Today, Indians are the richest immigrant minority in the US. The median household income of Indians in the US is close to $140,000 (2016) compared to the next class (whites) whose median income rests at $85,000. This data is from 2016, and today the numbers would be much higher for the Indian household income. This voyage was onerous and full of obstacles. Indian immigration to the US has been arduous to say the least.
The early Indians came to America to work on the railroad project. They were ill-treated to the extent that they could not board the rails they helped build to go home. Even if they had lived on the American soil for decades, they were ineligible for citizenship because of the Naturalization Act of 1790. When immigrants were pouring in from European countries in the 1900s, the Immigration Act of 1917 downright prevented Indians from emigrating. It was only in 1965 when amendments were made to the Immigration and Naturalization Act that Indians started to enter the US in very infinitesimal numbers. One thing that makes Indian immigration unique to the US is that 75% of Indian immigrants are educated (bachelors/masters degree) and are considered highly skilled labour. Education is what defines Indian immigrants.
Education is important to Indians. Even in low-income housing of Indian towns, every single person recognizes the value and urgency of education; this is aggrandized in Indians in the US. Most after school academic enrichment centers have a very high percentage of Indian origin children. Indian children dominate the Spelling Bees and Maths Olympiad because households attribute a climb in academic growth to such competitions. If a school district in the US participates in the gifted program (learning a couple of grades ahead), Indian children make up for the majority of participants. It’s not that Indian immigrants are only focused in academics, they basically invest in their children.
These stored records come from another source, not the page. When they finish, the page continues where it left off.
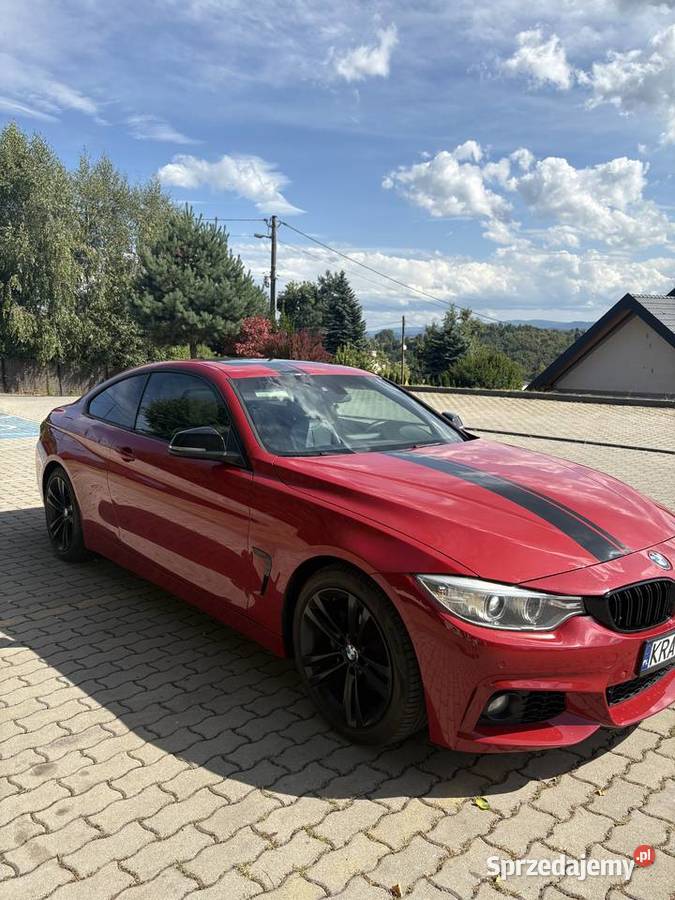 BMW F32 seria 4 428i M pakiet Doinwestowane Kraków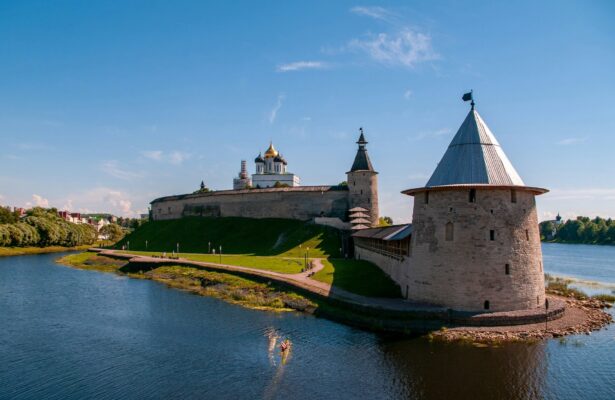 Фланёр. Псков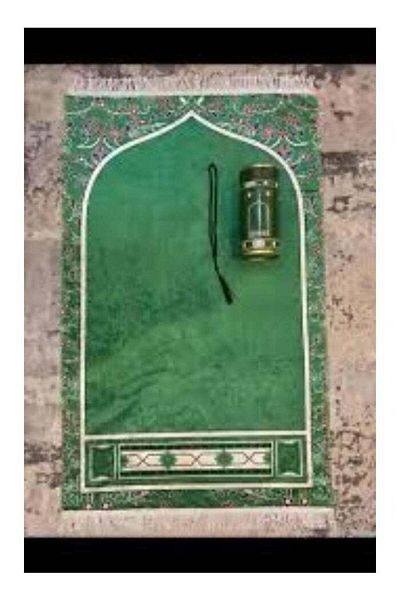 unbranded Prostrate in prayer
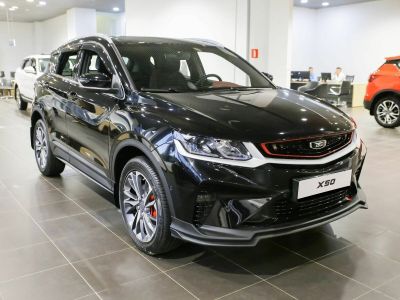 Belgee X50 Prestige 1.5 АМТ превью 2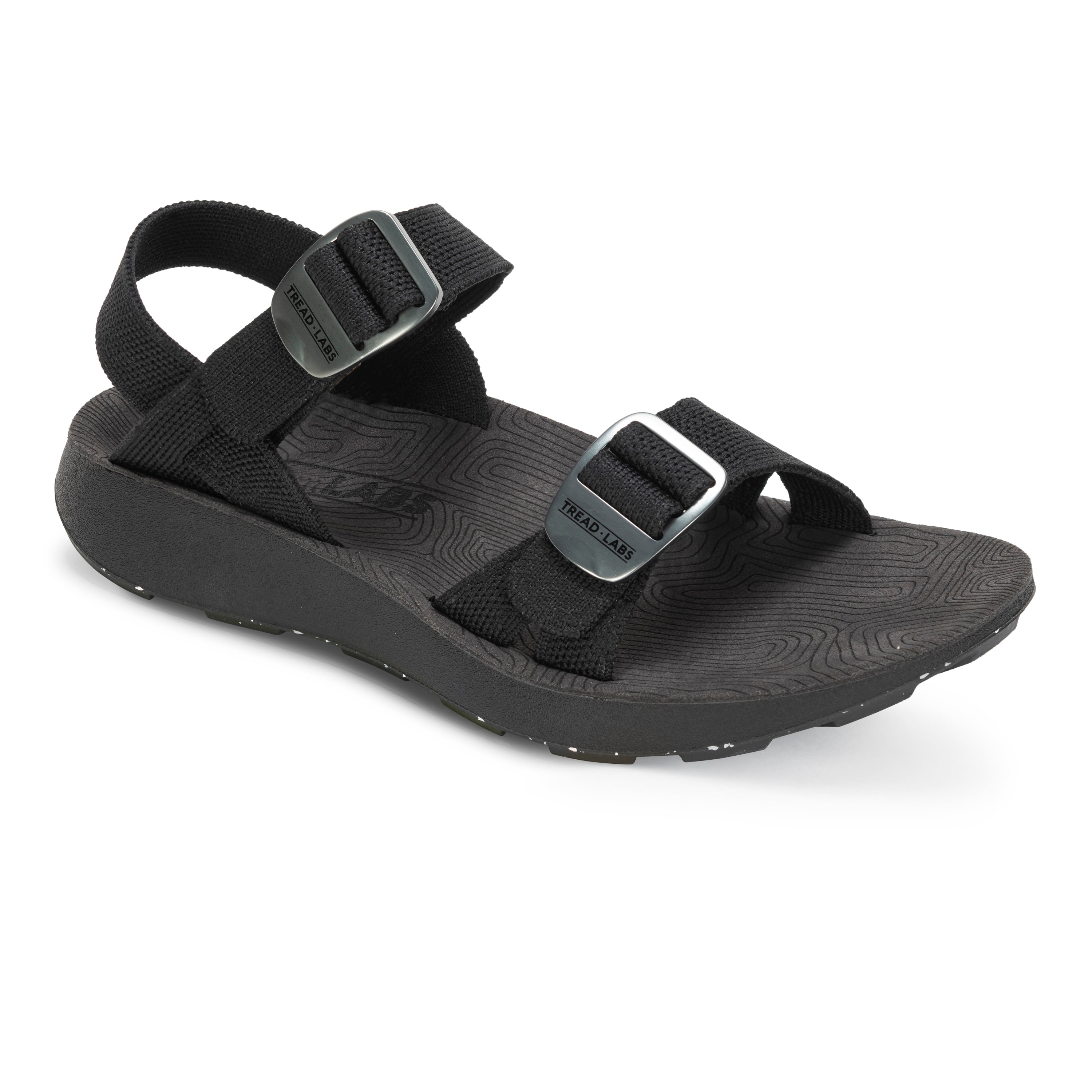 TREAD LABS Refreshed Women's Salinas Sandal | Supportive Knit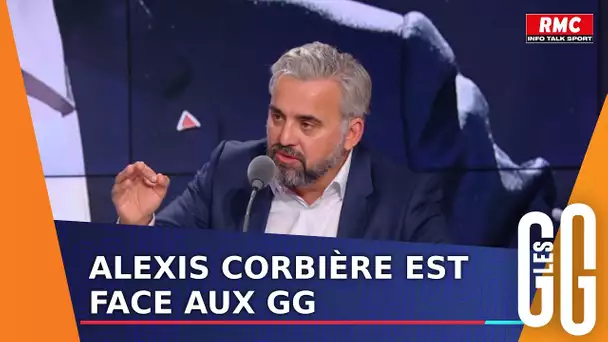 Alexis Corbière est face aux GG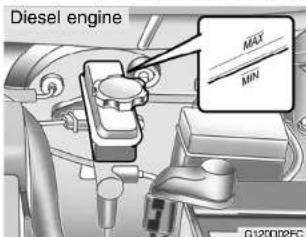 HYUNDAI Matrix (2007) - Recommended Brake Fluid - 2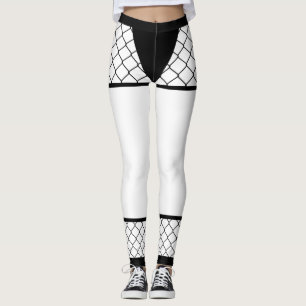 Leggings Légendes de Ninja - Pantalons de mi-maillage de p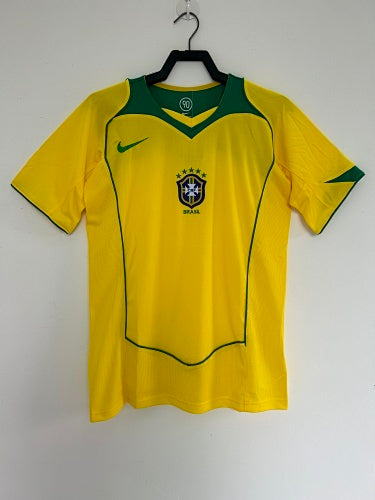BRAZIL NATIONAL 2006 HOME SHIRT.
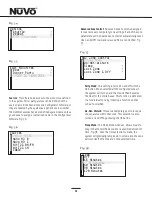 Preview for 28 page of Nuvo Concerto NV-18GXS Installation Manual
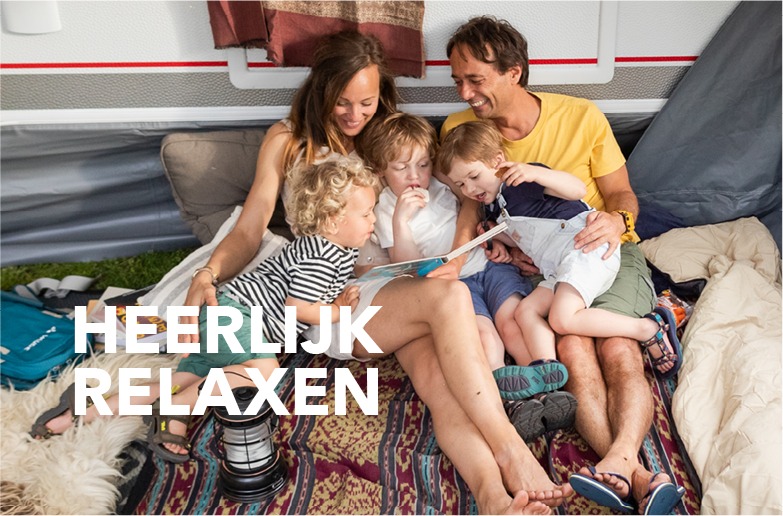Voorbeeld van een sfeerfoto boven een mailing van een e-mailmarketing campagne.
Music, sports, or other extracurriculars— an average Indian household will give precedence to their children’s growth. But if the funds are limited, the priority will be given to academics, and the result shows- an average household income of Indian Americans is much higher than any race in the US.
Also, most Indian families are very involved in their child’s growth. It’s not limited to monetary involvement; the parents are actively involved in the daily activities. For an outsider to the culture, it could look like mollycoddling; maybe it is. The sense of duty in parents towards their children is very high. If a household can afford to pay for the college education of their child, it is almost given that the parents would gladly pay for college.
Very few Indian Americans live below the poverty line, and even fewer are part of any gangs. Most Indian Americans immigrate to the US legally, and their choice in clothing is seldom an indication of their deep pockets.